Published in The New York Post on August 26, 2009

Sen. Joseph Lieberman’s criticism of the Obama health-care initiative may prove to be a pivotal turning point.

Others have focused exclusively on the Obama plan’s impact on health care. The elderly worry about bearing the brunt of the inevitable rationing; others look with alarm at the de facto socialization of one-sixth of our economy.

But Lieberman’s critique doesn’t center on the program’s health-care aspects or even on its ultimate desirability. Rather, he questions the wisdom of attempting so radical a transformation and so extensive — and expensive — an extention of government’s role in our economy during a major recession attended by a huge budget deficit.

His go-slow commentary integrates worries about the economy, the deficit and interest rates with those about the health-care proposal itself. In making this linkage, Lieberman cautions supporters of the idea and of the plan that this might not be the right time to try to do it all.

His comments come at a time when the Congressional Budget Office predicts a growth in the 10-year deficit projection to $9 trillion and when Americans are growing increasingly nervous about the massive debt we are incurring.

Few buy the president’s argument that spending $1 trillion extra will cut the deficit and rein in spending. The very notion is so counter-intuitive that it is hard to give it any credibility.

The elderly may worry about the reform bill’s cuts of $500 billion in Medicare and Medicaid over the ensuing decade; conservatives may fret over socialization of health care. But the average American can relate most easily to the concerns over the size of the debt and the deficit that Lieberman articulates.

This also gives moderates a place to go in the health-care debate.
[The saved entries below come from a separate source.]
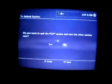Now the install is complete. Go back, go down to Default System, go to OtherOS, and hit yes.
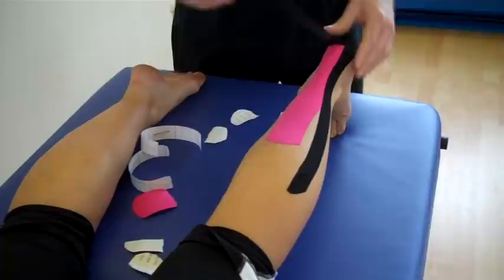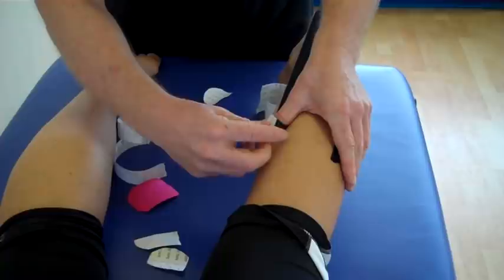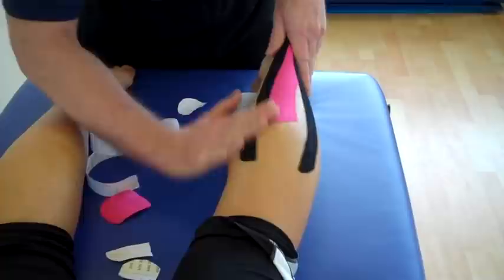And exactly the same for the medial head of the gastrocnemius — 75% stretch along the medial head, and the last bit just literally mold out and apply.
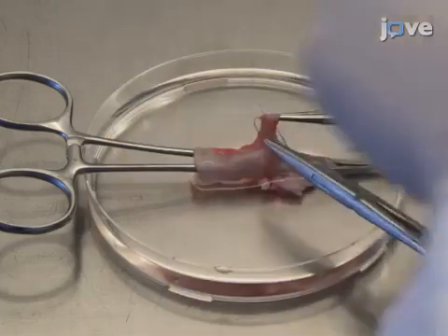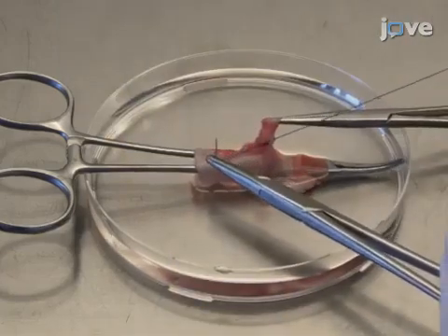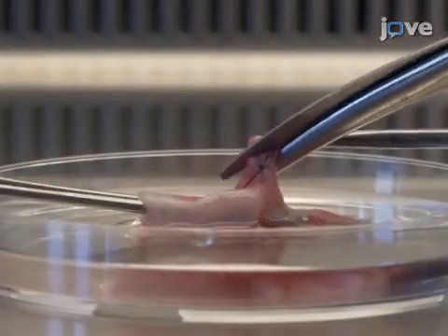Use ligatures to close any branches of the vessel, and then use surgical scissors or a scalpel to remove the branches.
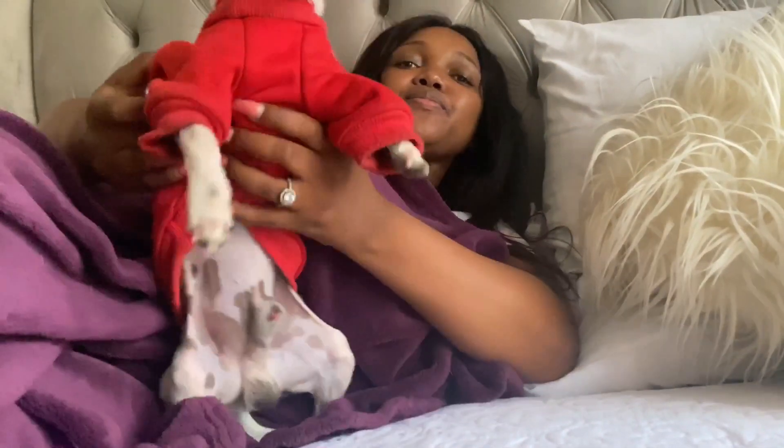Guys, I've decided to end the vlog right here. Say bye. Bye-bye!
Caught in the tug between the liberals who dominate Democratic primaries and the more conservative voices that may prevail in November, centrist Democrats can rally easily around Joe Lieberman’s “not now” approach.

It is obvious that, despite the Obama majorities in Congress, this is the exact wrong time to embark on a major new government spending program.

By expressing the obvious — that this is a time for retrenchment, not for expansion of the public sector — Lieberman may even have given President Obama an avenue of escape, permitting him to accept a scaled-back, phased-in program that might attract bipartisan support.